Synthesis and characterization of a novel magnetic porous carbon coated with poly(p-phenylenediamine) and its application for furfural preconcentration and determination in baby food and dry milk powder samples

The aim of the current research is to develop a MSPE method for the determination of furfural in baby food and dry milk samples. In this regard, a novel magnetic porous carbon composite coated with poly(p-phenylenediamine) was fabricated, characterized, and then applied to the preconcentration/extraction of furfurals from baby food and dry milk powder samples. Initially, magnetic nanoparticles (Fe3O4) were synthesized, and then coated with a metal-organic framework layer named MIL-101(Fe). Afterward, the magnetic MIL-101(Fe) was subjected to calcination under a nitrogen atmosphere and magnetic porous carbon was achieved. Finally, a layer of poly(p-phenylenediamine) was coated on the magnetic porous carbon. The structure of the nanocomposite was investigated with various methods, including FT-IR spectroscopy, electron microcopies (SEM and TEM), VSM, and XRD. The fabricated nanocomposite was applied in magnetic solid-phase extraction of furfural and hydroxymethyl furfural and their determination with liquid chromatography.
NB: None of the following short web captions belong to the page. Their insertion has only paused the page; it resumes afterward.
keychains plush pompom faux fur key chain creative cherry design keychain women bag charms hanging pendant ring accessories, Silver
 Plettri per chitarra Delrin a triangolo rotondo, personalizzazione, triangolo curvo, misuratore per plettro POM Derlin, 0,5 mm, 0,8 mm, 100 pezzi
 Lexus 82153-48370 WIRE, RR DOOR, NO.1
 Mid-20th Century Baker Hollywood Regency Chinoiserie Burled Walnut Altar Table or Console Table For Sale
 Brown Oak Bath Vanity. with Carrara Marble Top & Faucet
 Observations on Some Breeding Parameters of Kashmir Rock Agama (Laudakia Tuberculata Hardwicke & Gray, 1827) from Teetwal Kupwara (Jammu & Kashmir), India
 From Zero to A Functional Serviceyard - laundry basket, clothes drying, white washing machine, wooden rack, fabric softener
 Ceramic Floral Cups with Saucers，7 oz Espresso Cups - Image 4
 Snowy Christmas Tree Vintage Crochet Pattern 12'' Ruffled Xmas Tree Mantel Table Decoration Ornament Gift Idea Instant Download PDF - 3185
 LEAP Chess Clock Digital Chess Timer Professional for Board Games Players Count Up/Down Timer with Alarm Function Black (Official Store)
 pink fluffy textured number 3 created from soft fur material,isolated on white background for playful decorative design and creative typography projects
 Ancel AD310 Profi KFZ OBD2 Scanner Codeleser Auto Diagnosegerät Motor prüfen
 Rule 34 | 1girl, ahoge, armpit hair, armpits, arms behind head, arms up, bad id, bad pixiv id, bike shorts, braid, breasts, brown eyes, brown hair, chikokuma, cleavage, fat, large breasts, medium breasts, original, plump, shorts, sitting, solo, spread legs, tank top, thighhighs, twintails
The effect of experimental variables was explored by using an experimental design approach. The LODs and linear range for the target furfurals were 1.0-2.0 μg kg-1 and 3.0-500 μg kg-1, respectively. The method's repeatability was explored using RSD values and was found to be in the range of 5.2-6.4% (one-day, n = 5) and 9.1-10.8% (day to day, n = 3). Eventually, this new method was employed for the extraction/quantification of target compounds in baby food and dry milk powder samples.